3 de março de 2018

Keiji Haino/John Butcher “Light Never Bright Enough” (Otoroku, 2017)


De âmbito praticamente sinfónico no que inclui de mais elevado, este “Light Never Bright Enough” não abdica da víscera da intimidade. Ou seja, nesta atuação gravada ao vivo a 9 de julho de 2016 no Cafe Oto, em Londres, Haino e Butcher, figuras habitualmente isoladas naqueles recitais em que se dão tensas autópsias ao solilóquio, aplicam-se a gerar enzimas capazes de catalisar o que um e outro possuem de mais indigesto. O resultado – embora se trate de uma característica algo anatemática no contexto da improvisação livre – é profundamente narrativo, com Butcher, de repente, a deixar-se atrair por aqueles acordes convulsos que Haino torce à guitarra como um caça-tempestades das Grandes Planícies vai atrás de uma nuvem escura. Como é óbvio, alguém que os escutasse sem os ver teria dificuldade em conciliar som e imagem, o que, de certo modo, em certas mentes, os reduziria a peões da arte conceptual – mas na verdade há uma crueza tão táctil naquilo que fazem, que, com franqueza, o mais estranho é Haino não ter ficado com os seus longos cabelos eriçados em virtude da muita eletricidade que à sua volta acumulou. 

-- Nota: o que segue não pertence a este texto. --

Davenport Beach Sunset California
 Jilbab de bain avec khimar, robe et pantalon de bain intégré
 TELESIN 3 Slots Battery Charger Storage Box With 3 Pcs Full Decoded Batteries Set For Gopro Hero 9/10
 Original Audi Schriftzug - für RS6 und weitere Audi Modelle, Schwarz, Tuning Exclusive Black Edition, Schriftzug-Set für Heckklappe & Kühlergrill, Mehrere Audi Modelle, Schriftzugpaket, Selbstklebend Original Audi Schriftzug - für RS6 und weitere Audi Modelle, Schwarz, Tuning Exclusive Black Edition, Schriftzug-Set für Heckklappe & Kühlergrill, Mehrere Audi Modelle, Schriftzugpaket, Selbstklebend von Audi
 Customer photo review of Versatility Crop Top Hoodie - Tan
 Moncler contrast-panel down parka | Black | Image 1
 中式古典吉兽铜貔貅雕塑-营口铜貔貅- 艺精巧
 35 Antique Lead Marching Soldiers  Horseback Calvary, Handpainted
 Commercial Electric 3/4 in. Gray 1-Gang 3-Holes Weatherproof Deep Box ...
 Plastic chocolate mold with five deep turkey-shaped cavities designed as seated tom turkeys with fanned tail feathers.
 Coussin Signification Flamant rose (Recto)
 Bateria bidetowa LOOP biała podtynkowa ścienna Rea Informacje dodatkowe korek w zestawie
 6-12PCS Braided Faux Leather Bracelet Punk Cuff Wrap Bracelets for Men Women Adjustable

Como se costuma lembrar, teria a seu lado alguém equipado a escalpelar o fenómeno ao pormenor: Butcher doutorou-se em Física antes de se dedicar a tempo inteiro à música e supõe-se que alguma da sua curiosidade por partículas elementares se terá transferido de uma disciplina à outra. Por sinal, será dos poucos com propriedade para reconhecer o carácter infinitesimal daquilo que faz em palco, o que, por sua vez, o tornará particularmente sensível às circunstâncias únicas de cada concerto. Ouvi-lo com Haino implica imaginá-lo a lidar com um conjunto inusitado de restrições: uma delas, porventura a mais inesperada mas também a mais desarmante, dá-se quando, de súbito, o japonês tranca num pedal em contínua repetição um desfigurado espectro tonal, larga a guitarra e se põe a soprar num género de charamela chinesa – a seu lado, após uma pausa para pensar, Butcher fecha os olhos, respira fundo e aceita compor com a aparição um hino a vidas passadas. E, aí, ficam um só.